Recuerdo aún tu falta de sentimientos cuando en la dura adolescencia me mirabas a través de la fría barrera que nos separaba, sin importarte nada los grandes traumas que me acuciaban, tan importantes para mí. Nunca te oí una sola palabra de consuelo, ni un gesto compasivo, sólo me mirabas, fijamente, a los ojos, haciendo muecas que repetían burlonamente las mías, en una hiriente imitación que hacía aún más dura mi existencia.
Con el paso del tiempo me seguiste vigilando oculto entre las manchas de polvo y grasa acumuladas sobre aquel marco acristalado a través del que siempre nos mirábamos, y, con despiadada frialdad, me ibas recordando día a día el paso de los años, e insistentemente me mostrabas cada una de las arrugas que inevitablemente iban naciendo en mi rostro, cada cabello caído, cada trocito de piel donde el brillo había ido desapareciendo. Sin compasión, cada mañana y cada noche, me hacías sufrir con tu gélida mirada sin que yo te pudiera culpar pues desaparecías de mi vista en cuanto me alejaba unos metros. Nunca pude discutir contigo, simplemente te burlabas de mí repitiendo una y otra vez cada una de mis palabras, y en ninguna ocasión fuiste capaz de devolverme un saludo, ni de lanzarme una sonrisa cuando estaba triste.
Mi cuerpo y mi vida poco a poco se han ido llenando de años, ¡sííí!, es verdad, y tuya no es la culpa, pero lo que en ningún momento podré perdonarte es que tú, aprovechando mi más intima y desnuda presencia, me recordases continuamente cuan lastimero era mi envejecido cuerpo, cuan caídas estaban mis carnes, cuanto sobraba allí donde no hacía falta y cuanto faltaba allí donde sí era necesario; y tampoco podré olvidar que tú, amparado por la neblina que formaba el vapor al atravesar el frío ambiente, te regodeases, una y otra vez, haciéndome ver y agrandando cada uno de mis defectos.
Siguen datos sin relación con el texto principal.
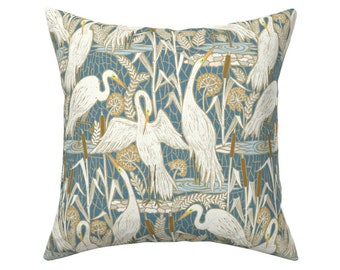 Coastal Cranes Throw Pillow - Watching Cranes by illaberek - Art Deco  Classic Nautical Cream  18"x18" Square Throw Pillow by Spoonflower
Jamás oí tu nombre, que siempre mantuviste en el más anónimo secreto. Nunca te pude estrechar la mano, ni pude compartir el calor de tu cuerpo: sólo sentía, una y otra vez, esa mirada tuya penetrante y fría. Tú, que ninguna vez rehuiste mis ojos, que aguantaste sin parpadear mis miradas de odio, que oíste mis gritos al aire, mis cánticos desafinados y hasta mis lloros, sin embargo, en tu innata frialdad, en ningún momento fuiste capaz de contestarme con unas palabras de alivio en los momentos de tristeza, ni de felicitarme en los días especiales de mi vida —que también los hubo—. Por eso te he odiado siempre. Por eso, y a pesar de que nunca me pude apartar de ti, jamás te quise. Por eso, hoy, cuando ya mi imagen no me importa, cuando mi vida ya no tiene ningún sentido, cuando mi último deseo no está ya en este mundo, no he querido dejarte ahí, sobre la pared, reflejando la nada, y con las escasas fuerzas que me quedan te he golpeado una y otra vez, hasta ver tu cuerpo, frío y cristalino, roto a mis pies en mil pedazos; y mis manos, ensangrentadas y abiertas por tu duro e insensible cuerpo, sienten, al fin, el calor que desde el otro lado ha dejado escapar tu vacío.